PORT-AU-PRINCE, Haiti, Feb. 28, 2007 - U.N. peacekeepers and Haitian police seized the last remaining gang stronghold in Haiti's largest slum on Wednesday, the latest in a series of military crackdowns aimed at stabilizing the impoverished and divided Caribbean nation.

gang members.jpg (74721 bytes)
An U.N. Nigerian peacekeepers takes the names of alleged gang menbers arrested during an operation in the area of Bois Neuf in the slum of Cite-Soleil inPort-au-Prince,Wednesday, Feb. 28, 2007. The soldiers took over the gritty Bois Neuf quarter, a base for armed gangs blamed for a wave of kidnappings and killings. Seven suspected gang members were arrested in the raid but their leader, known as Beloney, managed to escape. (AP Photo/Ariana Cubillos)

No shots were fired as scores of U.N. troops entered the seaside slum of Cite Soleil in armored vehicles and on foot, giving the international force sole authority over the lawless area for the first time, according to one U.N. official.

The soldiers took over the gritty Bois Neuf quarter, a base for armed gangs blamed for a wave of kidnappings and killings.
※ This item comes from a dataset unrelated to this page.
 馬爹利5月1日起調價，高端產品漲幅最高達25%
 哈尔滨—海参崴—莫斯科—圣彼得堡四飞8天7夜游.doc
Seven suspected gang members were arrested in the raid but their leader, known as Beloney, managed to escape.

It was the last gang stronghold in Cite Soleil not occupied by the 9,000-strong U.N. force, known by its French acronym, MINUSTAH. Peacekeepers seized two other gang strongholds during raids earlier this month.

"In terms of territory, 100 percent of Cite Soleil is now controlled ... by MINUSTAH with the support of the Haitian government," Brazilian military commander Col. Magno Barroso told The Associated Press.

But U.N. spokeswoman Sophie Boutaud de la Combe gave a more conservative assessment, saying only that peacekeepers "had established a presence everywhere that gangs had controlled," but do not have full control over the entire slum.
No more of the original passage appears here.